1.2 Un nouvel idéal de consommation
Le marché européen de la viande est mature et le
prix de la viande n'est plus désormais déterminant. En effet, les
consommateurs s'intéressent de plus en plus à ce qu'ils mangent
et se soucient de la provenance de la viande qui est dans leurs assiettes.
Suite aux nombreux scandales ayant éclaboussés
le secteur de l'agriculture durant les années 90 (veaux aux hormones,
vaches carnivores...), de nouveaux facteurs tels que la
traçabilité, la sécurité sanitaire, les garanties
en matière de conditions de production (bien-être animal, respect
de l'environnement...), et l'identification de l'origine de l'animal jouent un
rôle croissant. La qualité tend à devenir un facteur
important en tant que « market driver ».
Ainsi les consommateurs sont à la recherche d'une viande
issue d'une « production propre ».
L'environnement est également un aspect important aux
yeux du consommateur. En effet, lorsque nous apprenons que selon Jean-Marc
Jancovici, expert climatique, « le kilogramme de viande de veau
équivaut a un trajet automobile de 220 kilomètres, l'agneau de
lait : 180 kilomètres ; le boeuf : 70 kilomètres et enfin le porc
: 30 kilomètres, les consommateurs s'inquiètent. De plus, Ces
chiffres ne prennent en compte que la production et le transport de la viande.
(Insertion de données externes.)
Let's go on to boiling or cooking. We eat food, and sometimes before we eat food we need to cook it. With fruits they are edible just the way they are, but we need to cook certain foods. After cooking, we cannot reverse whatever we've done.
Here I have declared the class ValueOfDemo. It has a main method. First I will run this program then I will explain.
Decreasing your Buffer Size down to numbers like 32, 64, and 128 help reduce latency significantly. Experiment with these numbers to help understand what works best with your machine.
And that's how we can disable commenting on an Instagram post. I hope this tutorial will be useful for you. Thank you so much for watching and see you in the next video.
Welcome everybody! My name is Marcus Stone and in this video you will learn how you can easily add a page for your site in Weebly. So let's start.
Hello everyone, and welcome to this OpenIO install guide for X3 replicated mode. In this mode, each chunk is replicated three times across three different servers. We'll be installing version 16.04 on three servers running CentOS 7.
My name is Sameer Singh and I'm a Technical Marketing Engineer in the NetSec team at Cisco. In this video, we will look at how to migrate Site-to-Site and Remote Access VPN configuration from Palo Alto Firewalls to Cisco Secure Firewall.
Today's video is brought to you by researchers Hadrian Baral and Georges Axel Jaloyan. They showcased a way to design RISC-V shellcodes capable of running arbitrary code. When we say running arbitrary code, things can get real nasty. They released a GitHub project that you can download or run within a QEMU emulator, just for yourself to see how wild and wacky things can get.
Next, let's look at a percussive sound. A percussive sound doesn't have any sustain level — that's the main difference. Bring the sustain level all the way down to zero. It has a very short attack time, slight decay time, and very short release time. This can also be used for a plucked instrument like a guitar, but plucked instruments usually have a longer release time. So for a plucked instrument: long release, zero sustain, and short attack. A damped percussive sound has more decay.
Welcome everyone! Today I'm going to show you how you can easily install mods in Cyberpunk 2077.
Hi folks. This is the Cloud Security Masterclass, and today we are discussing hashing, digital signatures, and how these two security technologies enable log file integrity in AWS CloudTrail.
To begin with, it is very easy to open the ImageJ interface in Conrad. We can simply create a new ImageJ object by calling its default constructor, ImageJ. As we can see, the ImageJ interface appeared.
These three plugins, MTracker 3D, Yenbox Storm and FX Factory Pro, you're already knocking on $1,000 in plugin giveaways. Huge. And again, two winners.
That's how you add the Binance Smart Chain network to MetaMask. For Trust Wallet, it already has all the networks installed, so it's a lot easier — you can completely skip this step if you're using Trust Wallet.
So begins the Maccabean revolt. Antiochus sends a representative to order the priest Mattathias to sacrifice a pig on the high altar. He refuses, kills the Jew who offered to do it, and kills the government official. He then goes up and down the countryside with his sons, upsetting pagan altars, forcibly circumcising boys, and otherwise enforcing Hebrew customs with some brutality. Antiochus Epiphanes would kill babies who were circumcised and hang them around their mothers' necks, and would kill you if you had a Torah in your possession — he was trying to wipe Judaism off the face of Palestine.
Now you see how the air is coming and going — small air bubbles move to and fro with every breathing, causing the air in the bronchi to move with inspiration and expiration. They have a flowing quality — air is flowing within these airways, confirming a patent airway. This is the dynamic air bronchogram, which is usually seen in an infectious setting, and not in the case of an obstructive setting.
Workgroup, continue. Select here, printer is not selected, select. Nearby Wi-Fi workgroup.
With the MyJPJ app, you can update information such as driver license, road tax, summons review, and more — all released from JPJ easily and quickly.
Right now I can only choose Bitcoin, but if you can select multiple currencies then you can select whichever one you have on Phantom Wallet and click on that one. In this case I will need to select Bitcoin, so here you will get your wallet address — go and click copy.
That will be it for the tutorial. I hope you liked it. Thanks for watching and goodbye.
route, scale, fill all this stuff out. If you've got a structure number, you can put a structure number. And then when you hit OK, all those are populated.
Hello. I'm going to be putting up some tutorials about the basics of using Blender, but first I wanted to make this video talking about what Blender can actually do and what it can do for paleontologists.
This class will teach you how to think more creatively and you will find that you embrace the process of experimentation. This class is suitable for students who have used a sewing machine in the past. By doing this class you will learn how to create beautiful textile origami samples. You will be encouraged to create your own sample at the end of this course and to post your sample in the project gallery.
A titre de comparaison, la production d'un kilogramme de blé ou de
pommes de terre équivaut tout juste à un «créneau en
voiture ».
Certains experts prônent un « mangeons mieux,
protégeons la planète, réduisons notre consommation de
viande » ou d'autres plus radicaux comme les végétariens,
végétaliens et végans n'en consomment plus du tout.
Ainsi, le consommateur « moyen » se soucie de
l'environnement, du bien-être des animaux ainsi que ce qu'il consomme.
Nous n'appartenons plus à une société de production
quantitative, aujourd'hui nous nous tournons davantage vers le qualitatif.
Emissions de gaz à effet de serre (en kg
équivalent carbone) liés à la production d'un kg
de nourriture. Sont incluses les émissions liées à la
dépense énergétique (engrais, engins, etc.)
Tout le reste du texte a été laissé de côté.